Il y a 50 ans : les débuts de la voiture de sécurité

Il y a 50 ans : les débuts de la voiture de sécurité
Crédit: FanF1

Le Grand Prix du Canada a célébré le 50e anniversaire de la voiture de sécurité, qui a été introduite pour la première fois lors de cette même course en 1973 et qui est depuis devenue un outil indispensable.

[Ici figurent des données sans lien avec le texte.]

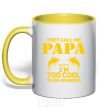 Mug with a colored handle Too cool to be grandpa yellow фото
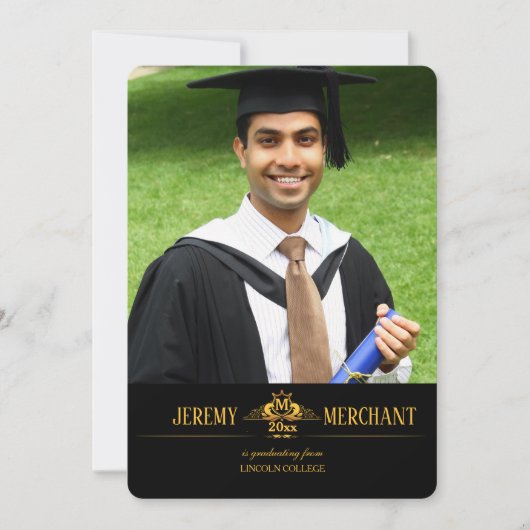 Gouden Monogram Foto Afstuderen Aankondiging/Uitno Kaart (Voorkant)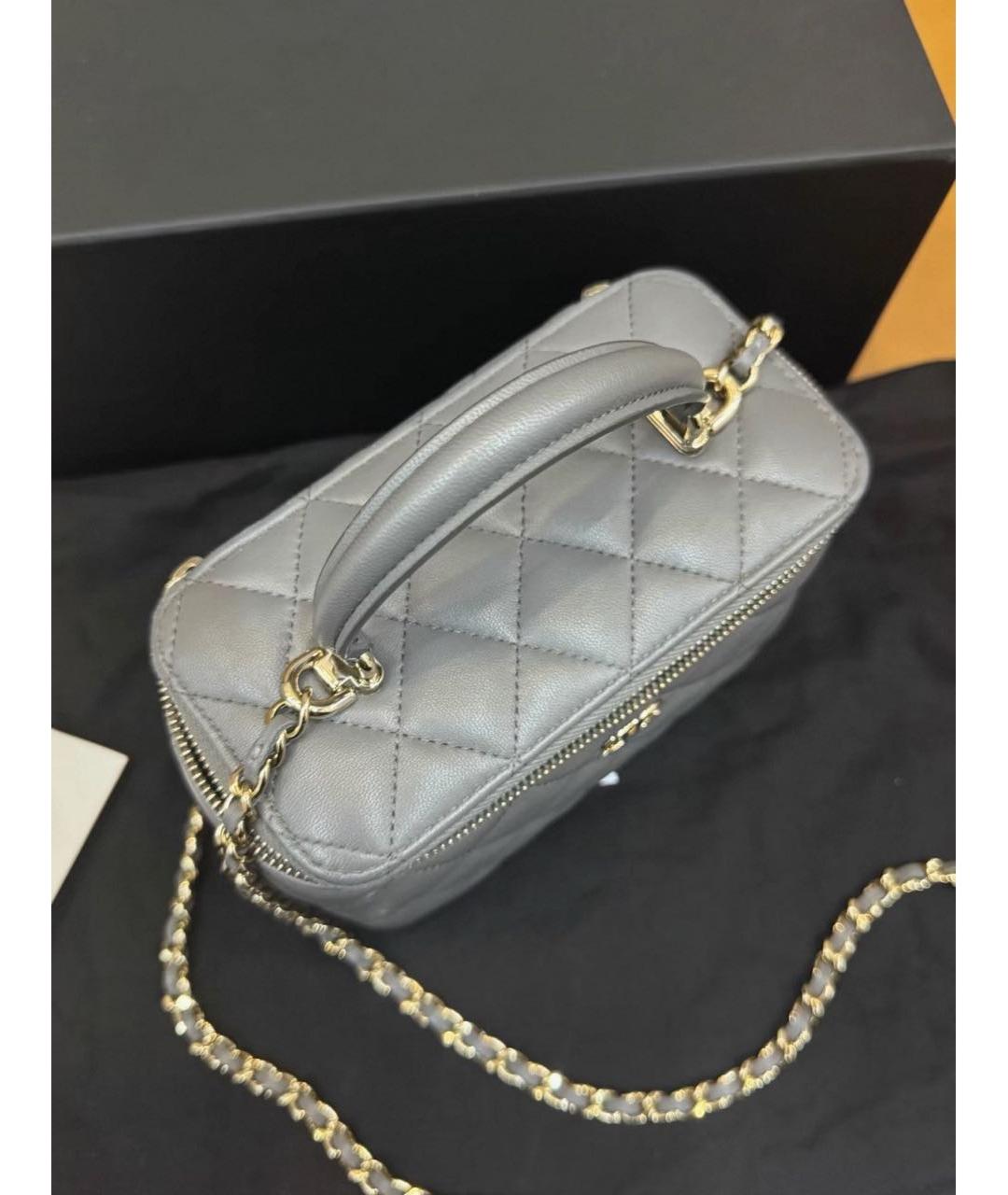 CHANEL Серая кожаная сумка через плечо, фото 5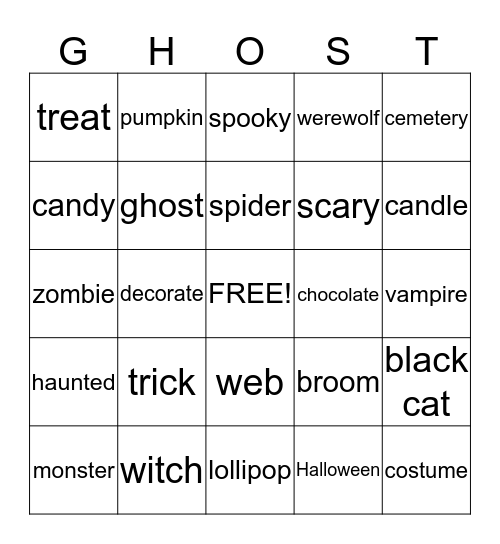 GHOST Bingo Card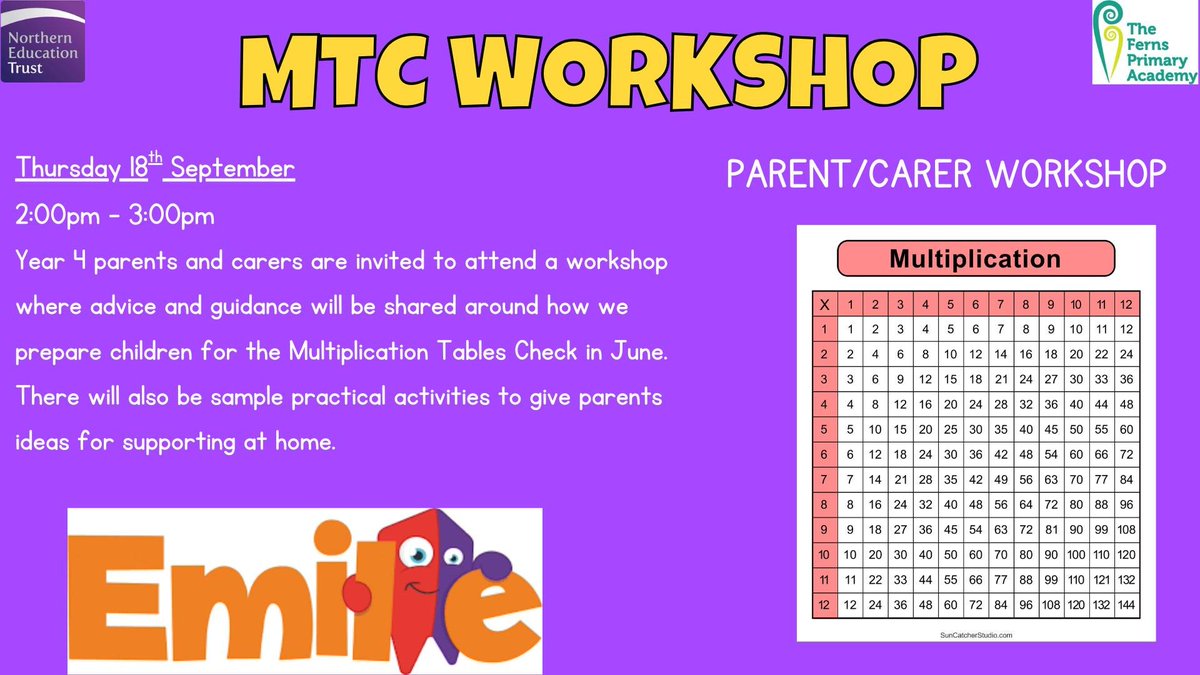 fernsacademy's tweet image. 📚Year 4 Multiplication Tables Check (MTC) Workshop 📚
Thursday 18th September
2pm - 3pm
#mtc #Emile #multiplicationtable #workingtogether #littleferns #outcomesfocused #childcentred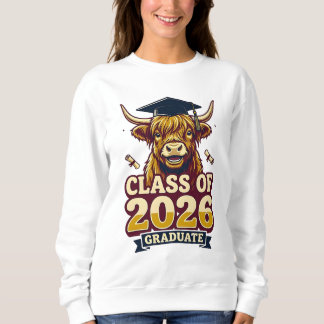 Sweatshirt 2026 graduation design featuring a highland cow 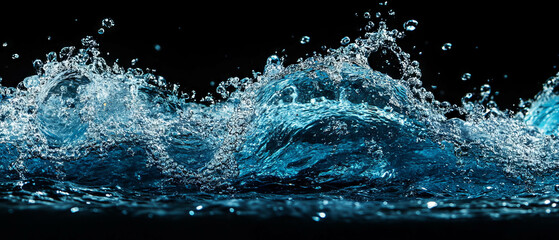 Beauty of water bubbles showcased with sharp details against a black backdrop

La voiture de sécurité est devenue le gardien invisible de la Formule 1, intervenant lorsque la pluie, les débris ou les accidents menacent le bon déroulement d'un Grand Prix. Son histoire a commencé en 1973 et, en cinquante ans, elle est passée d'une solution improvisée à un élément high-tech indispensable à ce sport.

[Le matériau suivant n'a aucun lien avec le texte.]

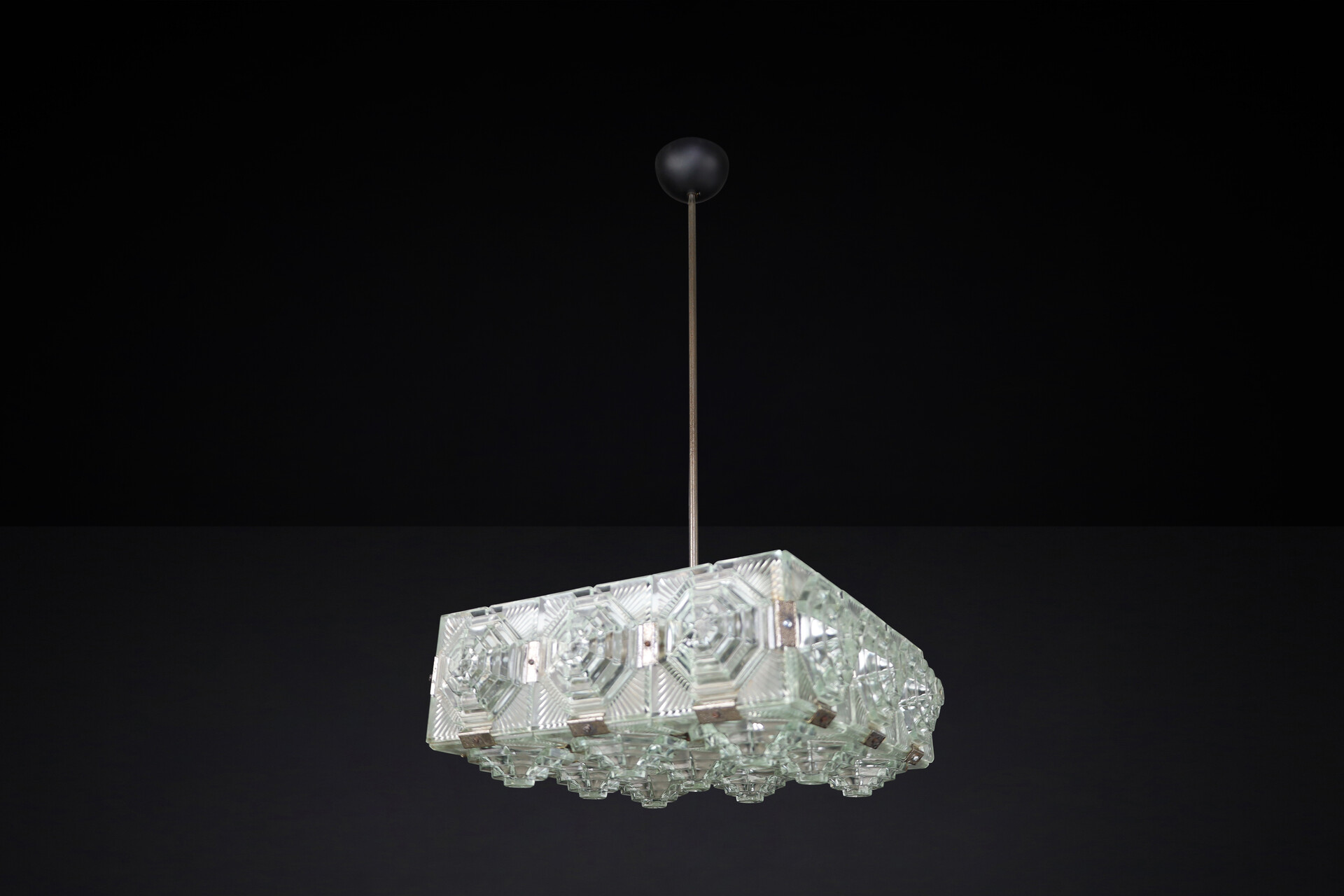Mid century modern Bohemian Glass Chandelier By Kamenicky Senov, Czechoslovakia 1970s Mid-20th century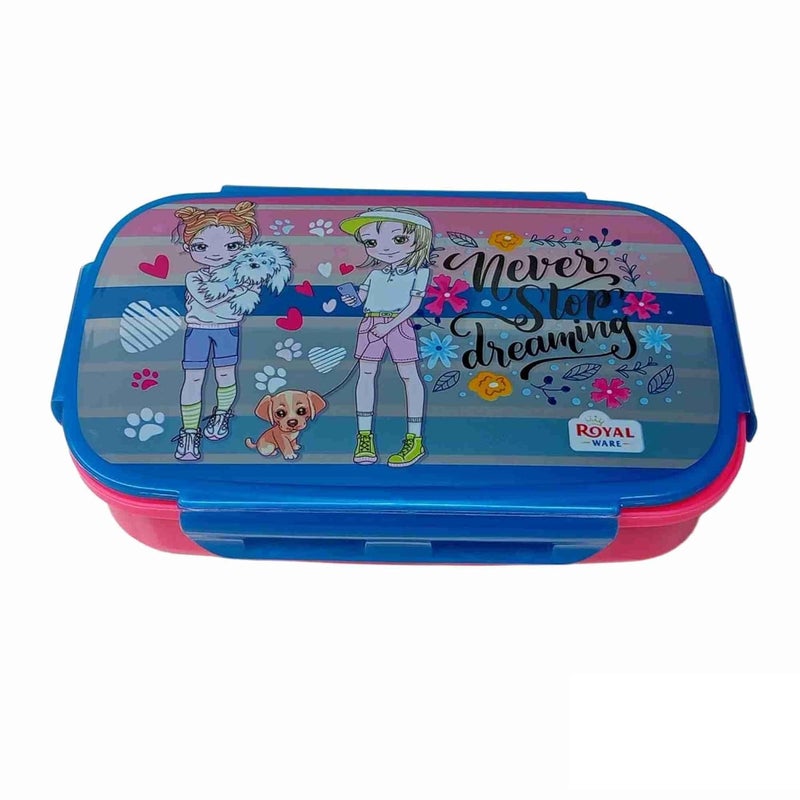 VRISTO صندوق غداء VRISTO المضغوط للأطفال صندوق تيفين للغداء المدرسي وصندوق تيفين خالي من BPA ومجموعة صندوق غداء محكمة الإغلاق من 2 1100 مل و100 مل مع مجموعة ملعقة وشوكة باللون الوردي لا تتوقف عن التعلم - Image 2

Elle a fait sa première apparition lors du Grand Prix du Canada de 1973, sur le circuit humide et vallonné de Mosport. Après la collision entre François Cevert et Jody Scheckter dans le virage Clayton, une Porsche 914, déjà vétérane des courses américaines, a été déployée comme voiture de sécurité, marquant ainsi ses débuts en F1. En l'absence de GPS ou d'équipement de chronométrage, les officiels ont placé par erreur la voiture devant Howden Ganley, qui n'était que huitième, tandis que les véritables leaders ont pris la tête de la course, pour finir ensuite en queue de peloton. La confusion a culminé avec quatre heures de délibération qui ont finalement attribué la victoire à Peter Revson, et ce fiasco a convaincu la FIA d'abandonner la voiture de sécurité pendant les deux décennies suivantes.

Lorsque le concept a fait son retour en 1993, la FIA en a rendu l'utilisation obligatoire. La première utilisation moderne a eu lieu lors du Grand Prix du Brésil, où une tempête soudaine a contraint la course à se dérouler sous le contrôle de la voiture de sécurité. Au cours de ces premières années, chaque promoteur de course fournissait son propre véhicule, ce qui a donné lieu à des choix éclectiques tels qu'une Opel Vectra en 1994 et une Renault Clio Williams en 1996, des voitures qui avaient du mal à maintenir les pneus de F1 dans la plage de température optimale. Un tournant a eu lieu en 1997 lorsque Mercedes est devenu le fournisseur officiel, apportant une berline performante spécialement conçue pour la grille de départ. Depuis 2021, Aston Martin partage ce rôle, alternant la Mercedes-AMG GT-R rouge et la Vantage verte. Les deux voitures sont équipées de feux clignotants LED externes, de caméras montées sur le toit et de sièges de course homologués par la FIA et équipés de harnais à six points, transformant ainsi des voitures de route ordinaires en plateformes de sécurité spécialisées.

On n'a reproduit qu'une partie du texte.